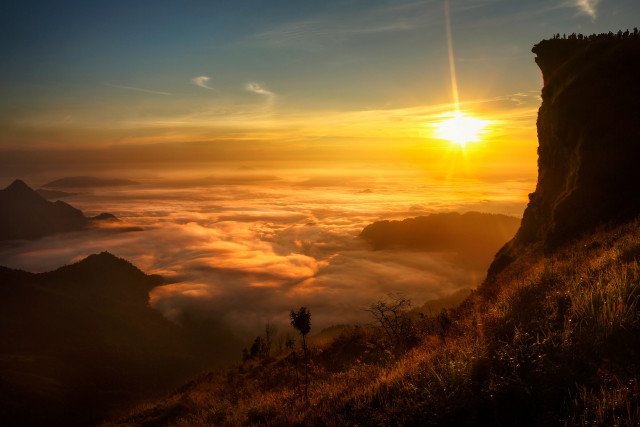 Sunset mountain hill backpack city free wallpaper for desktop - medium preview image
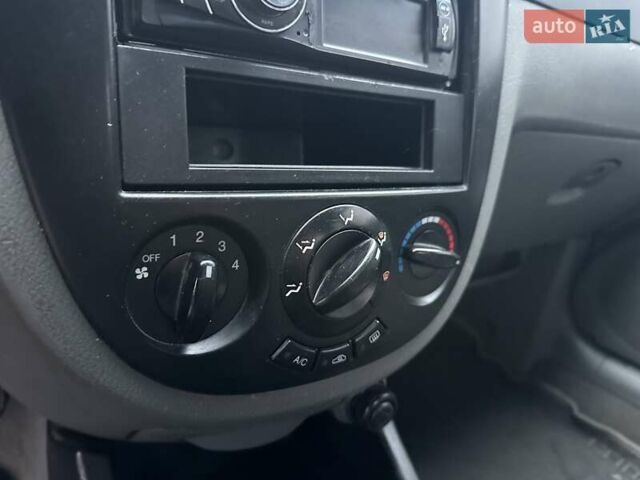 Черный Шевроле Лачетти, объемом двигателя 1.6 л и пробегом 280 тыс. км за 2999 $, фото 24 на Automoto.ua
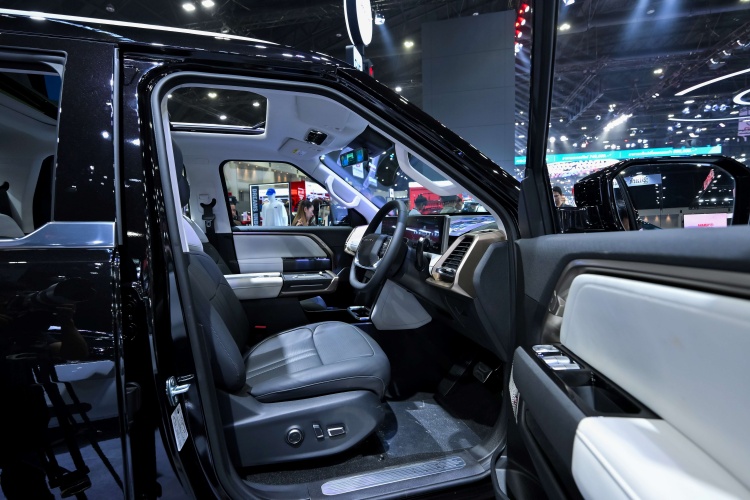 batch_eTerron9_Interior_Sideway MAXUS eTerron 9 ประกาศราคาอย่างเป็นทางการด้วยราคาพิเศษเริ่มต้นที่ 1,590,000 บาท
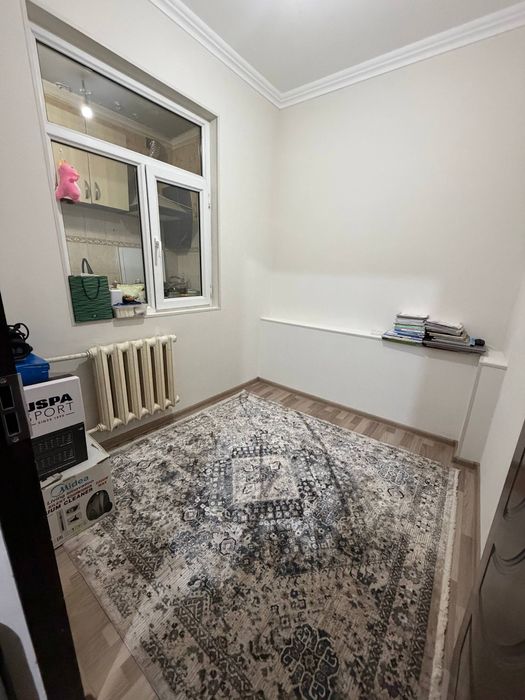 Своя продаётся квартира Юнусабад 11кв. Мега планет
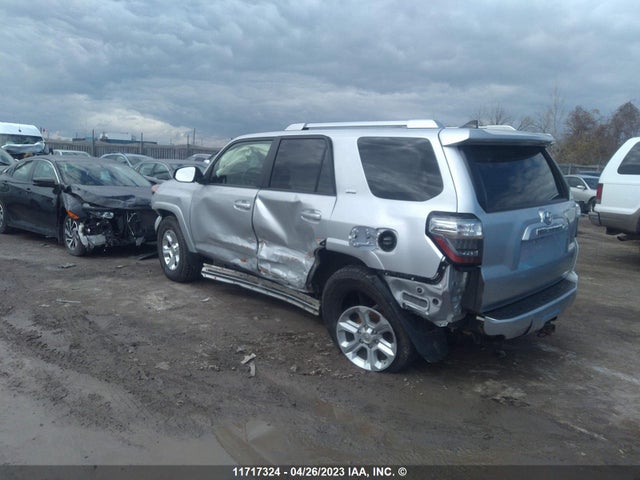 Toyota 4RUNNER 2018 JTEBU5JR9J5566701 Image 3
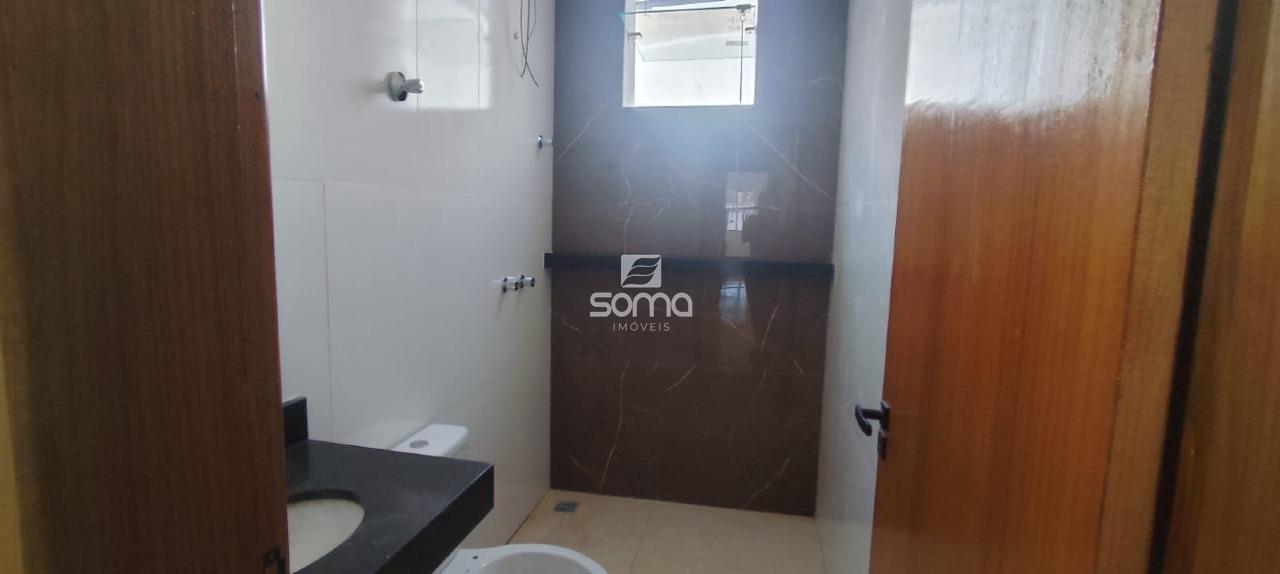 Casa Geminada à venda no Granjas Reunidas São Vicente: 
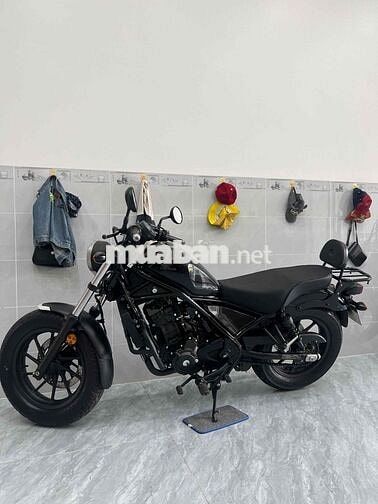 Honda Rebell 300cc Đen 4.100km bán trả góp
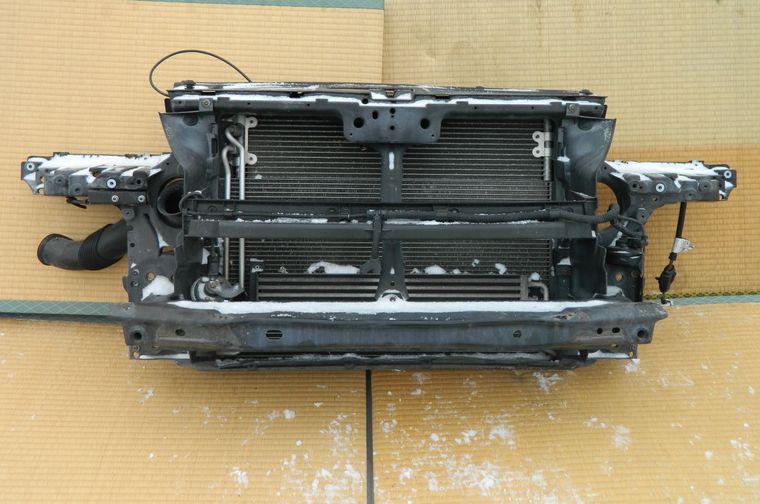 Радиатор кондиционера VOLKSWAGEN TOUAREG 7L7 (Контрактный) 27774227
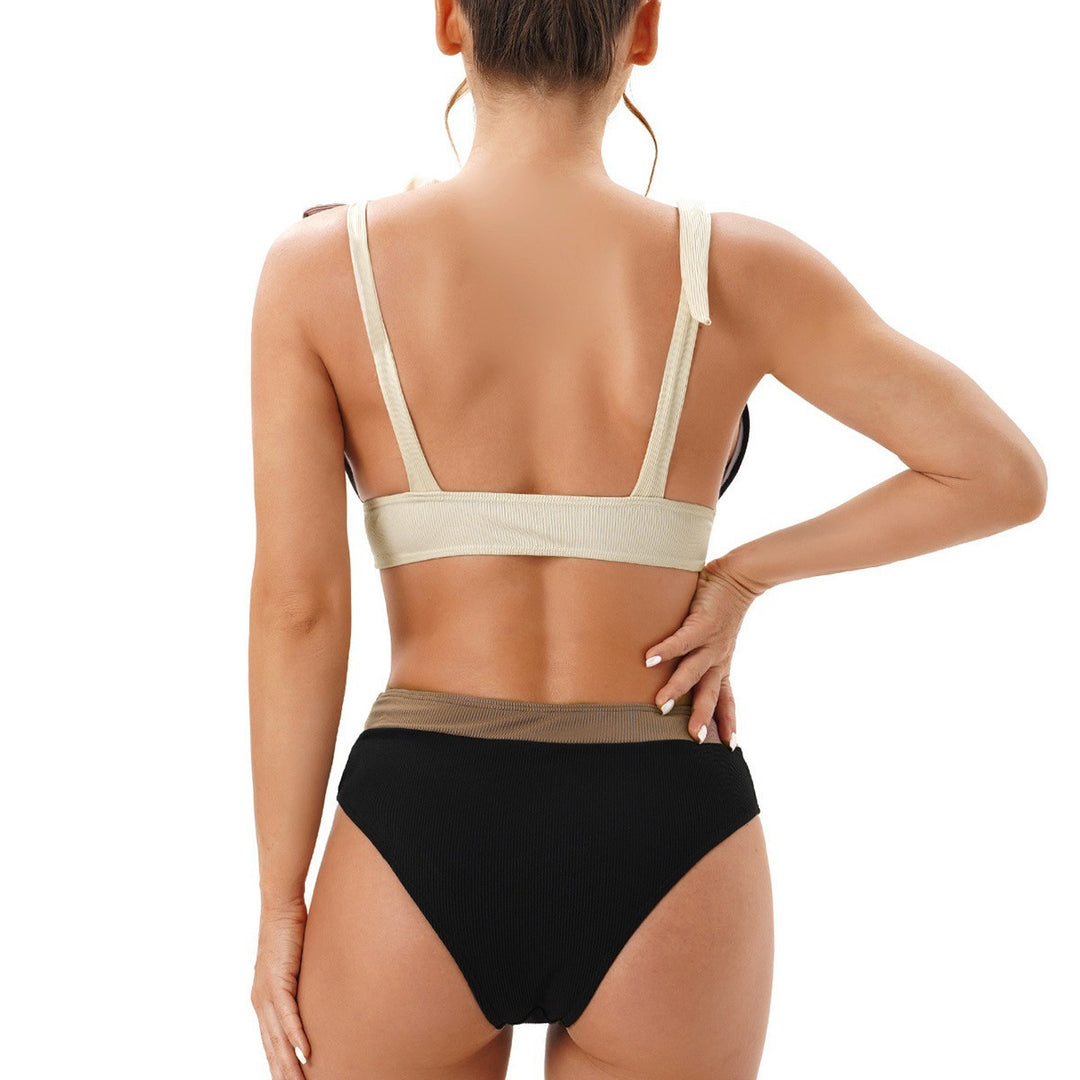 Dame bikini-sæt med justerbare stropper og moderigtig V-udskæring Stilla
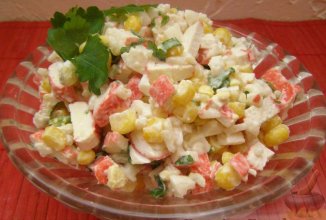 Салат из крабовых палочек с кукурузой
+ + + +
▶ **Description of the task**: Pick up at the line that holds "Черный Шевроле Лачетти, объемом" and restate each line, word for word, through the last line of the entries. Include both end lines but none of the pictures.

▶ **Task response**:
 Черный Шевроле Лачетти, объемом двигателя 1.6 л и пробегом 280 тыс. км за 2999 $, фото 24 на Automoto.ua
 batch_eTerron9_Interior_Sideway MAXUS eTerron 9 ประกาศราคาอย่างเป็นทางการด้วยราคาพิเศษเริ่มต้นที่ 1,590,000 บาท
 Своя продаётся квартира Юнусабад 11кв. Мега планет
 Toyota 4RUNNER 2018 JTEBU5JR9J5566701 Image 3
 Casa Geminada à venda no Granjas Reunidas São Vicente: 
 Honda Rebell 300cc Đen 4.100km bán trả góp
 Радиатор кондиционера VOLKSWAGEN TOUAREG 7L7 (Контрактный) 27774227
 Dame bikini-sæt med justerbare stropper og moderigtig V-udskæring Stilla
 Салат из крабовых палочек с кукурузой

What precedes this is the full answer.